### YOUR TASK
Give the entries again exactly as they appear, but without the images.

----- INPUT MATERIAL

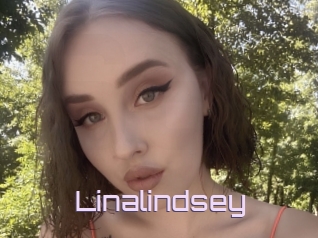Linalindsey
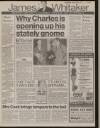 Daily Mirror Saturday 01 May 1999 Page 31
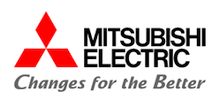 Mitsubishi Electrical Building Solutions Launches a Fresh Projection-kind  Hall Lantern for In another country Markets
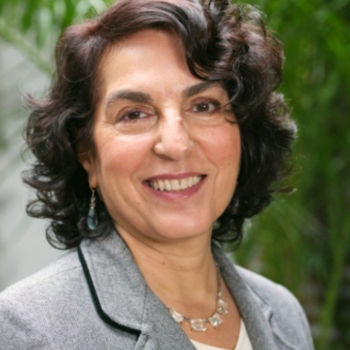 Tina PAILLET
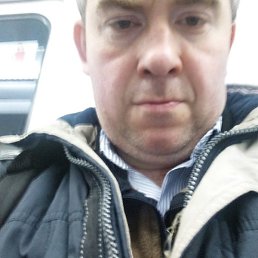 ���������, �����-���������, 46 ���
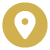 ico map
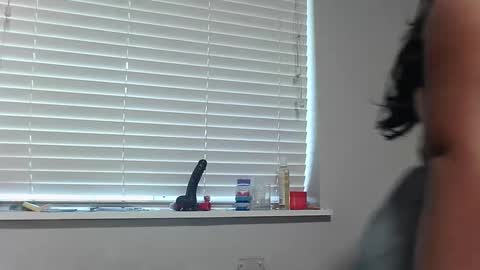 Snapshot of sweetmaylaxxx chatting on October 1, 8:37 pm Sweet Mayla online show from October 1, 8:37 pm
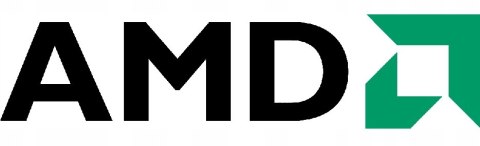 Chłodzenie procesora aktywne AMD 712-000046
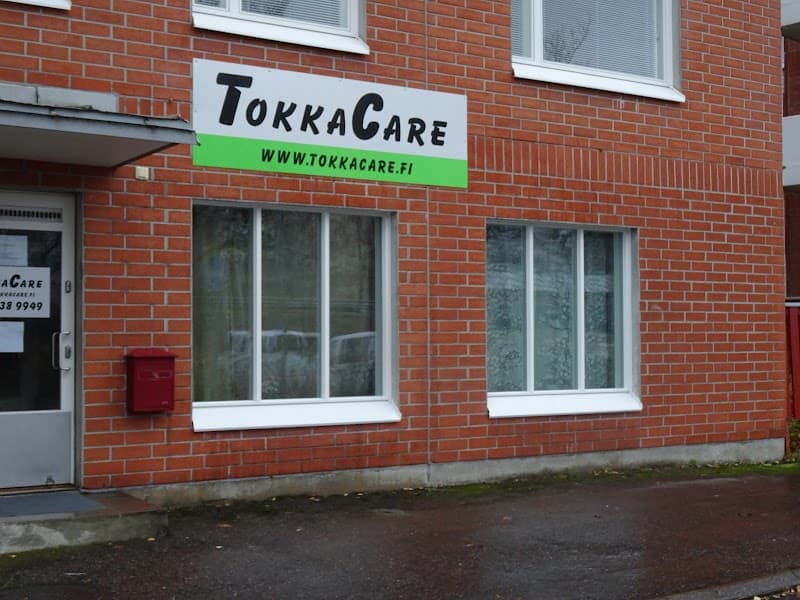 Tokka Care Kerava photo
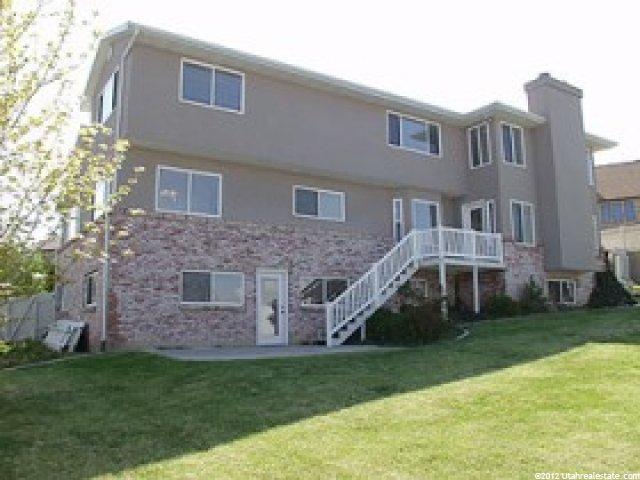 142 Coventry Ln, North Salt Lake, UT 84054 — photo 4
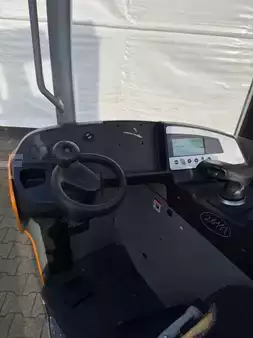 Rækketruck 2015  Still FM X 14 (3)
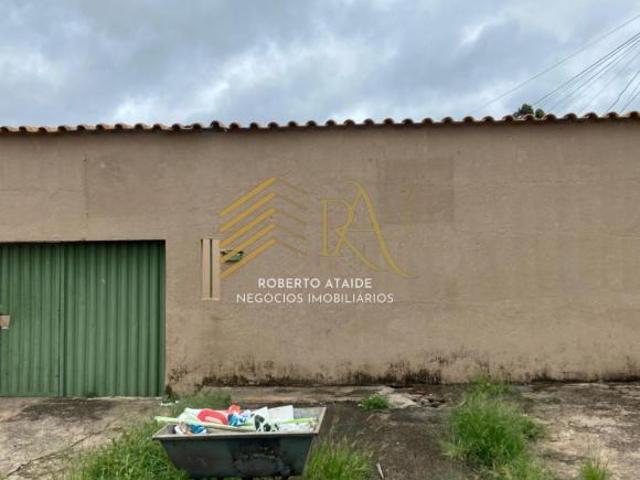Casa venda em Região Geográfica Imediata do Distrito Federal, Região Integrada de Desenvolvimento do Distrito Federal e Entorno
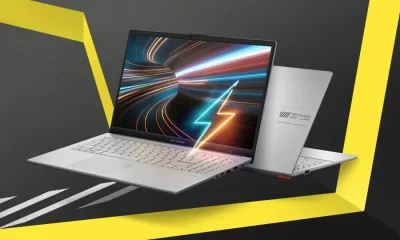 اسوس E1504FA-NJ005W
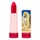 #Lipstories - Lipstick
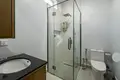 Вилла 3 комнаты 1 094 м² в Сиемреап, Камбоджа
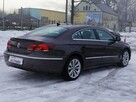 Volkswagen Passat CC Benzyna DSG Serwisowanyy - 7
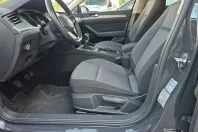Volkswagen Passat din 2021 cu 78.960 km - oferta VOL244176 - foto 10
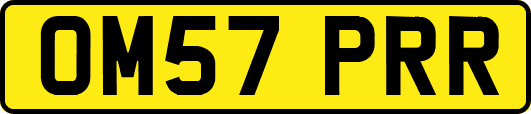 OM57PRR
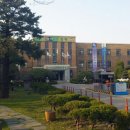 수안보농협 산지유통센터 이미지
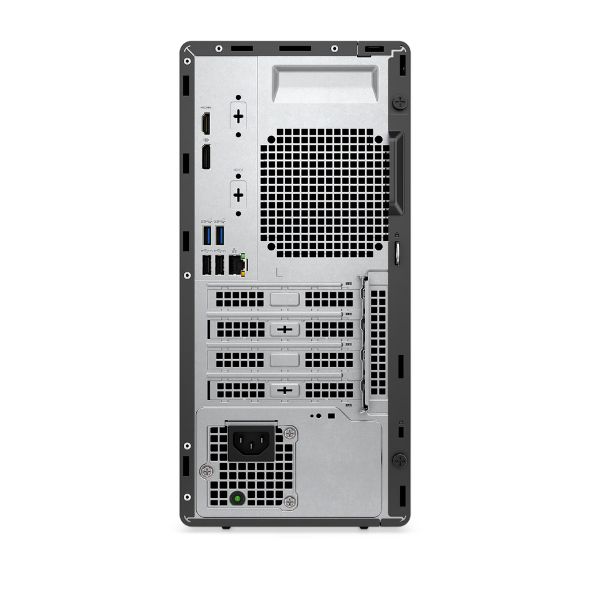 Hình ảnh chi tiết PC Dell Optiplex Tower 7020 (42OT702001) - Ảnh số 2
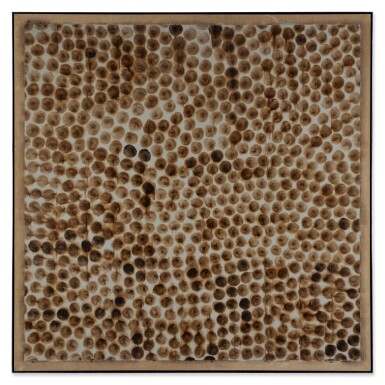 View full screen - View 1 of Lot 27. Untitled.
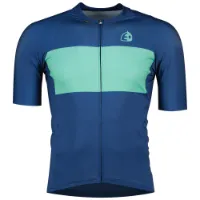 Etxeondo Biko Kurzarm-radtrikot Etxeondo Biko Kurzarm-radtrikot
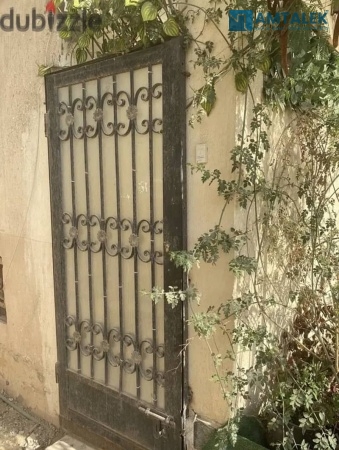 شقة للإيجار في الهضبة الوسطى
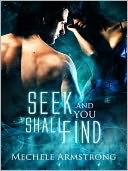 Seek And You Shall Find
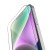 Szkło hartowane do iPhone 13  13 PRO  14  16e (SE 4 2025) Hoco HD Anti-static 25 stuk G10 (1).jpg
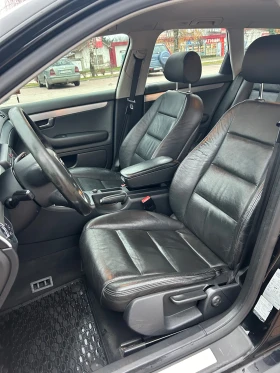 Audi A4 | Mobile.bg    13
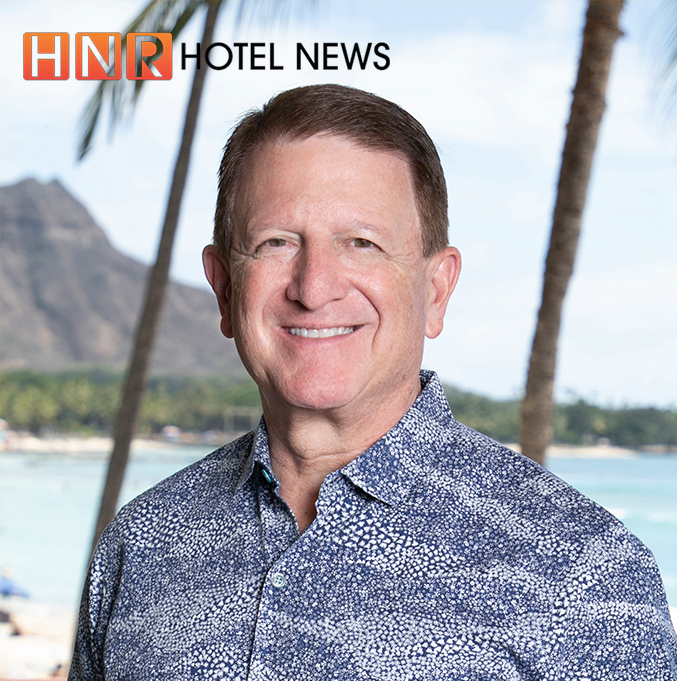 Outrigger Hospitality to Move Its Portfolio to OPERA Cloud to Gain Speed and Agility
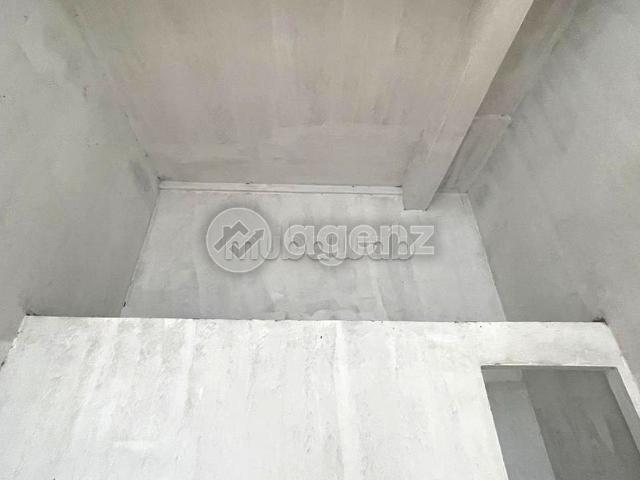 Commerce à louer 30 m² Hay Adil Casablanca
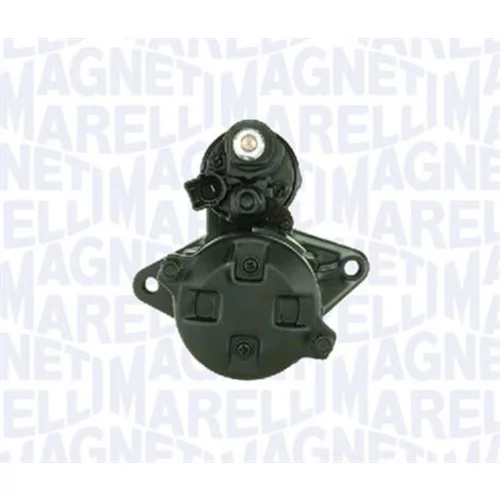 Štartér 944280522880 (MAGNETI MARELLI) - obr. 2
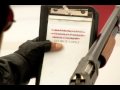 Estradinator - Gabriel Iglesias (feat. Erik Estrada) Funny Comedy Central Commercial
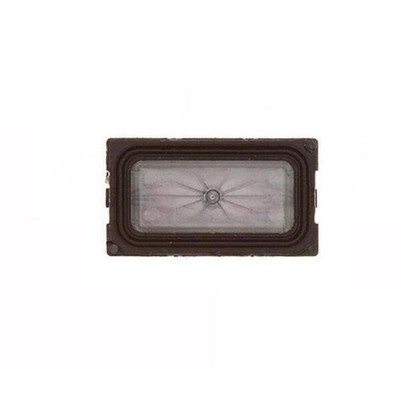 Original HTC One M7 One V Desire S Lautsprecher Speaker Hörer Buzzer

----------

### ANSWER BELOW
Linalindsey
 Daily Mirror Saturday 01 May 1999 Page 31
 Mitsubishi Electrical Building Solutions Launches a Fresh Projection-kind  Hall Lantern for In another country Markets
 Tina PAILLET
 ���������, �����-���������, 46 ���
 ico map
 Snapshot of sweetmaylaxxx chatting on October 1, 8:37 pm Sweet Mayla online show from October 1, 8:37 pm
 Chłodzenie procesora aktywne AMD 712-000046
 Tokka Care Kerava photo
 142 Coventry Ln, North Salt Lake, UT 84054 — photo 4
 Rækketruck 2015  Still FM X 14 (3)
Casa venda em Região Geográfica Imediata do Distrito Federal, Região Integrada de Desenvolvimento do Distrito Federal e Entorno
 اسوس E1504FA-NJ005W
 #Lipstories - Lipstick
 Вилла 3 комнаты 1 094 м² в Сиемреап, Камбоджа
 Volkswagen Passat CC Benzyna DSG Serwisowanyy - 7
Volkswagen Passat din 2021 cu 78.960 km - oferta VOL244176 - foto 10
 OM57PRR
 수안보농협 산지유통센터 이미지
 Hình ảnh chi tiết PC Dell Optiplex Tower 7020 (42OT702001) - Ảnh số 2
 View full screen - View 1 of Lot 27. Untitled.
 Etxeondo Biko Kurzarm-radtrikot Etxeondo Biko Kurzarm-radtrikot
 شقة للإيجار في الهضبة الوسطى
 Seek And You Shall Find
 Szkło hartowane do iPhone 13  13 PRO  14  16e (SE 4 2025) Hoco HD Anti-static 25 stuk G10 (1).jpg
 Audi A4 | Mobile.bg    13
 Outrigger Hospitality to Move Its Portfolio to OPERA Cloud to Gain Speed and Agility
 Commerce à louer 30 m² Hay Adil Casablanca
 Štartér 944280522880 (MAGNETI MARELLI) - obr. 2
 Estradinator - Gabriel Iglesias (feat. Erik Estrada) Funny Comedy Central Commercial
 Original HTC One M7 One V Desire S Lautsprecher Speaker Hörer Buzzer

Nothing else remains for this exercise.